ABOUT THIS EXERCISE -> The required output consists solely of the lines from the top of the listing through the line containing "Cream cheese Stock Photos", transcribed exactly.

......

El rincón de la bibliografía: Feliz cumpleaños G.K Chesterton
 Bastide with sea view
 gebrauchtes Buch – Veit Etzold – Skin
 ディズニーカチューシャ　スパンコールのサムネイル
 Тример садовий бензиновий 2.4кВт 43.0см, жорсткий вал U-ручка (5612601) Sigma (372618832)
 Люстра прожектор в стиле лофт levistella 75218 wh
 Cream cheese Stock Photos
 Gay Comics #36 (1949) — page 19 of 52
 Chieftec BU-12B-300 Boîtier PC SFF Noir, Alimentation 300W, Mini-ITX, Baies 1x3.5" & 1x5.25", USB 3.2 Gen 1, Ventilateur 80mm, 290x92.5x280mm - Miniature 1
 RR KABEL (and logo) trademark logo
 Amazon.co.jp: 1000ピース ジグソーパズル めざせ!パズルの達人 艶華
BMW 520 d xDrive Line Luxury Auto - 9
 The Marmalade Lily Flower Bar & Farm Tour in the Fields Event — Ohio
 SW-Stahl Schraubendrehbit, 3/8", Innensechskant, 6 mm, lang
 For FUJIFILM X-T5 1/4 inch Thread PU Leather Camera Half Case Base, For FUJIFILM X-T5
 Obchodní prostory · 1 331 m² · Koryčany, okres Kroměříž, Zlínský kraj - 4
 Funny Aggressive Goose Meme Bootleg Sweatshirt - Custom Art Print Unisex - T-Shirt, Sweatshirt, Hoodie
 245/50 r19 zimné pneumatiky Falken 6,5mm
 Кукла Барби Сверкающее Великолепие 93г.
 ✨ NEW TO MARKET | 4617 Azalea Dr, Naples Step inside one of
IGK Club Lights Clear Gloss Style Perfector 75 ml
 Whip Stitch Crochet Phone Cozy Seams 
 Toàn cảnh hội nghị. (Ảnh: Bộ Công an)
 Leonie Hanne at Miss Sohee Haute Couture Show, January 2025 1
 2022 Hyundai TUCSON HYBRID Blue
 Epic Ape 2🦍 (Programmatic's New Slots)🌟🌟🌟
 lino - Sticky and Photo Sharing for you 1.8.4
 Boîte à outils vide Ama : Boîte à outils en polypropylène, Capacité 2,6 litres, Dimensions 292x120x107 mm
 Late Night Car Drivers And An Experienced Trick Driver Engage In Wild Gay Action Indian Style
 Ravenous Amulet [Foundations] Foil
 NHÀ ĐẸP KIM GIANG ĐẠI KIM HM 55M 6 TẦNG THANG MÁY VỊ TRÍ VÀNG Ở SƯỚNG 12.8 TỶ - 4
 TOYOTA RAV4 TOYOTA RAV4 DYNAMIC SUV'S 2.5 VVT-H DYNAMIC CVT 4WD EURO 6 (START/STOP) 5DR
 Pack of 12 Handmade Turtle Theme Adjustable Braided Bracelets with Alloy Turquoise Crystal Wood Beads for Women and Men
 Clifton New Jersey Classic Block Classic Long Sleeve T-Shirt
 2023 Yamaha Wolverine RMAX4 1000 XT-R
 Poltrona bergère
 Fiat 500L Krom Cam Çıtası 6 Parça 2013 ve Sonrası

......

EXERCISE ANSWER ->
El rincón de la bibliografía: Feliz cumpleaños G.K Chesterton
 Bastide with sea view
 gebrauchtes Buch – Veit Etzold – Skin
 ディズニーカチューシャ　スパンコールのサムネイル
 Тример садовий бензиновий 2.4кВт 43.0см, жорсткий вал U-ручка (5612601) Sigma (372618832)
 Люстра прожектор в стиле лофт levistella 75218 wh
 Cream cheese Stock Photos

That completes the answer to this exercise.